SAMARKAND. By Kate Clanchy. Picador pound;6.99.

PARABLE ISLAND. By Pauline Stainer. Bloodaxe pound;7.95.

Ronald Black’s huge anthology, 825 pages, is a work of dedication rather than discretion. The title translates as “The Flood” and unfortunately epitomises the quantity rather than the quality of the out-pourings.

However, it does accurately reflect the greatness of Sorley MacLean, George Campbell Hay and Iain Crichton Smith and their mostly beneficial influence on a new generation of Gaelic writers.

Polygon is to be praised for this and its more compressed earlier anthology In the Face of Eternity, edited by Christopher Whyte in 1991.

Such publishers are essential. Another is Hamish Whyte and his Glasgow-based Mariscat Press, from which comes Demon, a sequence of 20 dialogues between Edwin Morgan and the Underworld. It is diabolically elegant. The new Dumfries imprint, organised by poet Tom Pow and artist Hugh Bryden has brought out 30 poems in Landscapes, dealing with matters of death ad parenthood. They are illustrated by 16 of Bryden’s black-and-white linocuts. A handsome debut.

The appointment of Don Paterson as Picador’s poetry editor is already proving its worth for Scottish writing. Commercial skills allied to sharp editing make exemplary the three titles here.

Carol Ann Duffy gives new slants to old wives’ tales.
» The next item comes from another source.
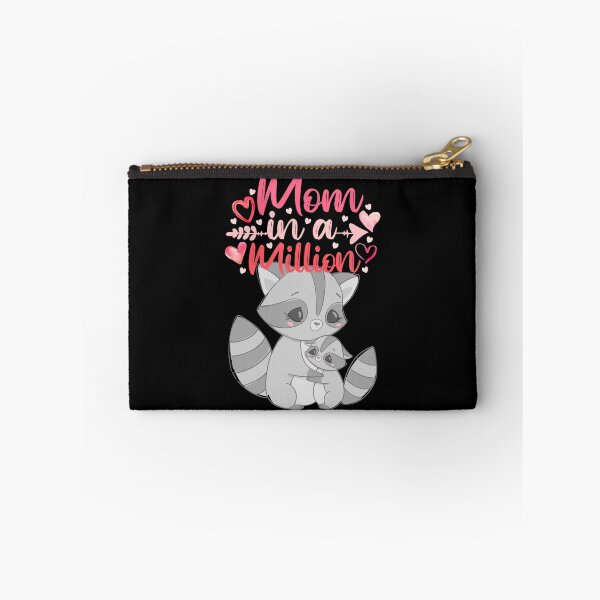 Item preview, Mom In A Million Cute Mother's Day Graphic designed and sold by GO SHIRT-TEE.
Famous historical figures are undermined in their domestic setting by wives, sisters and lovers. This is imaginative malice delivered with poetic panache.

A mildly fey note undermines the caring intent of Kathleen Jamie’s Jizzen (Scots for “childbed”). Births and rebirths are recorded but there is a self-consciousness in the writing that unbalances the effect for this reader.

No such doubts about Kate Clanchy’s Samarkand. She veritably impales themes, times and stereotypes and then releases them into her poems and onto the reader, where they blossom to become fully developed characters. This is a worthy companion to her award-winning Slattern three years ago.

The fact that the wonderful Pauline Stainer is now living on Rousay in Orkney allows me to recommend her new collection Parable Island. Though she has been publishing for only the last decade, she is definitely one writer I unreservedly view as important in the 20th century.